**PROBLEM TO SOLVE**. Every line from the start of the records below to the line containing "2013 Ford Explorer — foto 5 / 5" should be retyped exactly, that line included, and no others.

**Brief descriptive captions**.
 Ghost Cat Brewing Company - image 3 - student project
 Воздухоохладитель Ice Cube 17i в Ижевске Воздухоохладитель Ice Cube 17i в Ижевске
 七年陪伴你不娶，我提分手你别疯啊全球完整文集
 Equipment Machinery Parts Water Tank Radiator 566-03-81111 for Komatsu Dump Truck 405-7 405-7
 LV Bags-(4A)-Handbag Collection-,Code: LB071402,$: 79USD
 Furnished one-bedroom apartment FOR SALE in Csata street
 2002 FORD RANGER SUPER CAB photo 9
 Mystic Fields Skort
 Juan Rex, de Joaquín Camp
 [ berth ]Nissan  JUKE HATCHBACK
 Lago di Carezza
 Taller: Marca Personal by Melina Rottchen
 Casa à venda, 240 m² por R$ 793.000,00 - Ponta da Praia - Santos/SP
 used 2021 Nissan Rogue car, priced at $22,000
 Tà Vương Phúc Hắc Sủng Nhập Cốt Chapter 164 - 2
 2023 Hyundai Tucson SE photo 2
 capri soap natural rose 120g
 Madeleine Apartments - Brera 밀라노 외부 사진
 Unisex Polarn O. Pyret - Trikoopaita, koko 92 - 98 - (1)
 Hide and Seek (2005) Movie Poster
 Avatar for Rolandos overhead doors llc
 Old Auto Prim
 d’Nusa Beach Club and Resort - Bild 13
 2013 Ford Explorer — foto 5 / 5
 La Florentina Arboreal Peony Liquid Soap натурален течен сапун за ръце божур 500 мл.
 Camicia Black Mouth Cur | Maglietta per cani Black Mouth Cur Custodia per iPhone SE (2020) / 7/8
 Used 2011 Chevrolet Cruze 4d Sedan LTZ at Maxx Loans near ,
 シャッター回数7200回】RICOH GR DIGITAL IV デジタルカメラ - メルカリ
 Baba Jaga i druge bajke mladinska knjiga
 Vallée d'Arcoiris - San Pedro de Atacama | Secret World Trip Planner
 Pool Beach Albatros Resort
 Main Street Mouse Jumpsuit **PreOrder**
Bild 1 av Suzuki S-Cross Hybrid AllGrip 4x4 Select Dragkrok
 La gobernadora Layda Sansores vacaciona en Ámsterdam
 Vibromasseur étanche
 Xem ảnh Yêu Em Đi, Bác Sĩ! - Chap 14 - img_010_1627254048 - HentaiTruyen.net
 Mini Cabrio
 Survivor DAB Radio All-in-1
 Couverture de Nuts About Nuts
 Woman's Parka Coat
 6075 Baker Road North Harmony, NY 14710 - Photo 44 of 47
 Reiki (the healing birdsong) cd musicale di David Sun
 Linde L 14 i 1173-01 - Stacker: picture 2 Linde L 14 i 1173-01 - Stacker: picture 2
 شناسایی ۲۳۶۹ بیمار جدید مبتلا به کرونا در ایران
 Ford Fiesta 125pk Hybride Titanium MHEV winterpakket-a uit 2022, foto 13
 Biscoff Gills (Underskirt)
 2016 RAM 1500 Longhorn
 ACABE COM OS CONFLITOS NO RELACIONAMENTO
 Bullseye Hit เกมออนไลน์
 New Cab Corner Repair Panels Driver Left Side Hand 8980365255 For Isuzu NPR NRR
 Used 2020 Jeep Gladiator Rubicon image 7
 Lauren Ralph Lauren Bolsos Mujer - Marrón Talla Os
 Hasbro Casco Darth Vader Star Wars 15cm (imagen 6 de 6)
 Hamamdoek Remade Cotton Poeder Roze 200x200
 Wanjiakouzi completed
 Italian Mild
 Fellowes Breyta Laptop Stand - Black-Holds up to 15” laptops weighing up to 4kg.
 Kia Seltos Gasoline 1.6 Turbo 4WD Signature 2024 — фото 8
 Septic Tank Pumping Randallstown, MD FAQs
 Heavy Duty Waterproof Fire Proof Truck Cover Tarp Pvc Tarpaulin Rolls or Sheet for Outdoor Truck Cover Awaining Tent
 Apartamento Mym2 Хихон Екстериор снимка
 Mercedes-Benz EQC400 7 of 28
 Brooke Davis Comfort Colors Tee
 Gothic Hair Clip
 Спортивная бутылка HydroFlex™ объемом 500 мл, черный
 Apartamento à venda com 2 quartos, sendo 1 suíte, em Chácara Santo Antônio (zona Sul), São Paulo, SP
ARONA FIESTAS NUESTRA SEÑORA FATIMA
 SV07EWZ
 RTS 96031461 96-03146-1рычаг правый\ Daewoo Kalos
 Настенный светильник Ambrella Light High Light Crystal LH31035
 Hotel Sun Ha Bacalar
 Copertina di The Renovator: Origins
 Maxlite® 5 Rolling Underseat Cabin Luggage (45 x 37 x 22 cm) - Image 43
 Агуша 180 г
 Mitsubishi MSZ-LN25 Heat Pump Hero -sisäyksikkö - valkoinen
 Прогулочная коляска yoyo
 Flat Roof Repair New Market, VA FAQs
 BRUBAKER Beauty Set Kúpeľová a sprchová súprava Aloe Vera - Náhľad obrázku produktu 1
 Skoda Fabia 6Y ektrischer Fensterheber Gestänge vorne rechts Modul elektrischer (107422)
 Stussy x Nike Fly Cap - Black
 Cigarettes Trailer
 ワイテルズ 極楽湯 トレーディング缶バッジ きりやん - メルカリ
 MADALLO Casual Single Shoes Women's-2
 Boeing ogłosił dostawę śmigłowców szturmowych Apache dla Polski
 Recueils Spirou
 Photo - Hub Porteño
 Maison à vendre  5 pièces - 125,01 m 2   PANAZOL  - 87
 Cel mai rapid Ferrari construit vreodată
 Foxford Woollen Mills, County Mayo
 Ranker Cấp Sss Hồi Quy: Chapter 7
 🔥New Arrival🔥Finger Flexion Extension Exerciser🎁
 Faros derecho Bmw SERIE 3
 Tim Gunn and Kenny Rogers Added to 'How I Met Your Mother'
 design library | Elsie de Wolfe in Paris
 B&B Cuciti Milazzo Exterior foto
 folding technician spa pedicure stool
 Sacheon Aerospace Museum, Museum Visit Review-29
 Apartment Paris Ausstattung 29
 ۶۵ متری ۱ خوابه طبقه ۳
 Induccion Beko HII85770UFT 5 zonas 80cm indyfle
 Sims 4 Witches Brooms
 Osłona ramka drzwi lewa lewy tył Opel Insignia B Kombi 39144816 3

**TASK RESULT**.
 Ghost Cat Brewing Company - image 3 - student project
 Воздухоохладитель Ice Cube 17i в Ижевске Воздухоохладитель Ice Cube 17i в Ижевске
 七年陪伴你不娶，我提分手你别疯啊全球完整文集
 Equipment Machinery Parts Water Tank Radiator 566-03-81111 for Komatsu Dump Truck 405-7 405-7
 LV Bags-(4A)-Handbag Collection-,Code: LB071402,$: 79USD
 Furnished one-bedroom apartment FOR SALE in Csata street
 2002 FORD RANGER SUPER CAB photo 9
 Mystic Fields Skort
 Juan Rex, de Joaquín Camp
 [ berth ]Nissan  JUKE HATCHBACK
 Lago di Carezza
 Taller: Marca Personal by Melina Rottchen
 Casa à venda, 240 m² por R$ 793.000,00 - Ponta da Praia - Santos/SP
 used 2021 Nissan Rogue car, priced at $22,000
 Tà Vương Phúc Hắc Sủng Nhập Cốt Chapter 164 - 2
 2023 Hyundai Tucson SE photo 2
 capri soap natural rose 120g
 Madeleine Apartments - Brera 밀라노 외부 사진
 Unisex Polarn O. Pyret - Trikoopaita, koko 92 - 98 - (1)
 Hide and Seek (2005) Movie Poster
 Avatar for Rolandos overhead doors llc
 Old Auto Prim
 d’Nusa Beach Club and Resort - Bild 13
 2013 Ford Explorer — foto 5 / 5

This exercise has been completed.